A comet which astronomers had hoped might be the 'comet of the century' appears to be disintegrating instead according to a new report.
Ignacio Ferrin from the Group of Computational Physics and Astrophysics, FACom, said the comet's "imminent demise" will occur before it becomes visible from Earth.
Ferrin said he used "secular light curves" to track how the brightness of the comet has changed over time. He concluded that the comet is starting to dim, with no sign of an increase as it nears the sun.
Above: ISON pictured as it passed Jupiter in April
"The light curve of the comet exhibited a slowdown event characterised by a constant brightness with no indication of a brightness increase tendency," he said.
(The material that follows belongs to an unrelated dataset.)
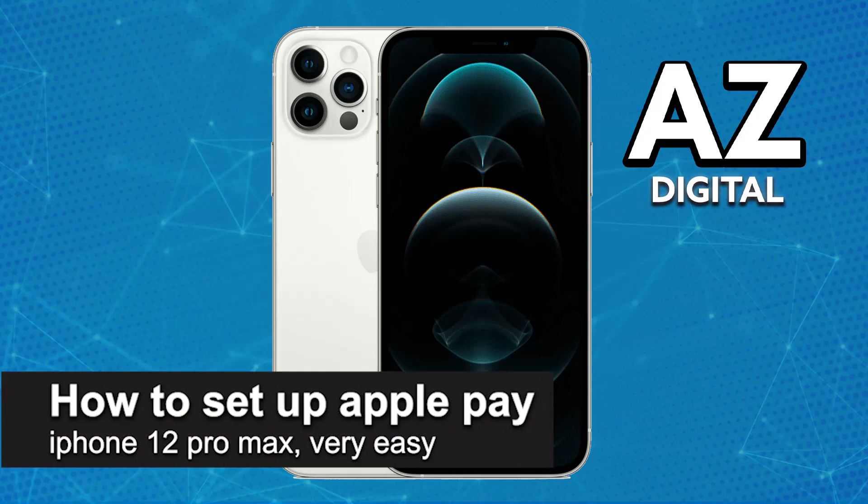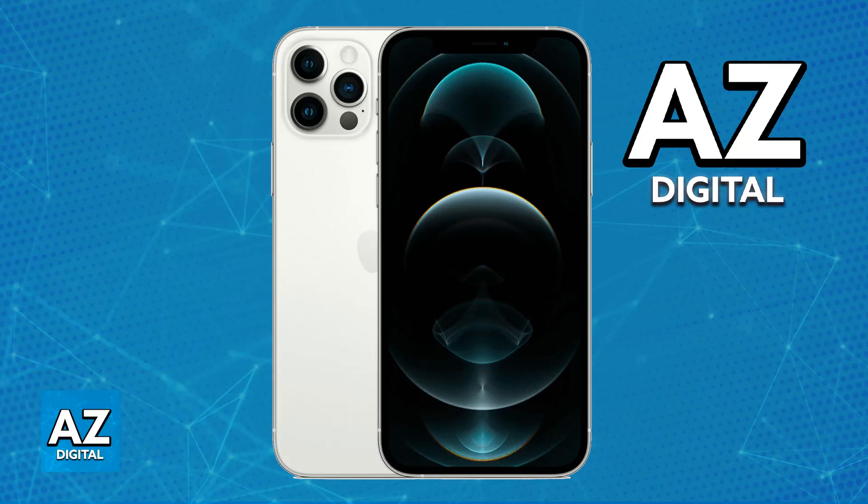In this video, I'm gonna teach you how to set up Apple Pay on iPhone 12 Pro Max. It's a very easy process, so make sure to follow along. I'm gonna give you easy to follow instructions on how to set up the Apple Wallet and use Apple Pay to issue payments directly from your iPhone 12 Pro Max.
The comet was discovered in 2012, and it had been hoped it would pass close enough to the sun to shine brightly in the sky from Earth. Nasa's Tony Phillips said at the time that:"If the comet survives the encounter, it could emerge glowing as brightly as the moon, visible near the sun in the blue daylight sky. The comet's dusty tail stretching into the night would create a worldwide sensation".
Ferrin's conclusions might start to dim those hopes along with the apparent brightness of the comet itself. But there is still help. As Space.com reports, the life and path of any comet it difficult to predict and ISON appears to be trickier than most. It is still possible that the comet may shine brightly once it completes its trip around the sun towards the end of November.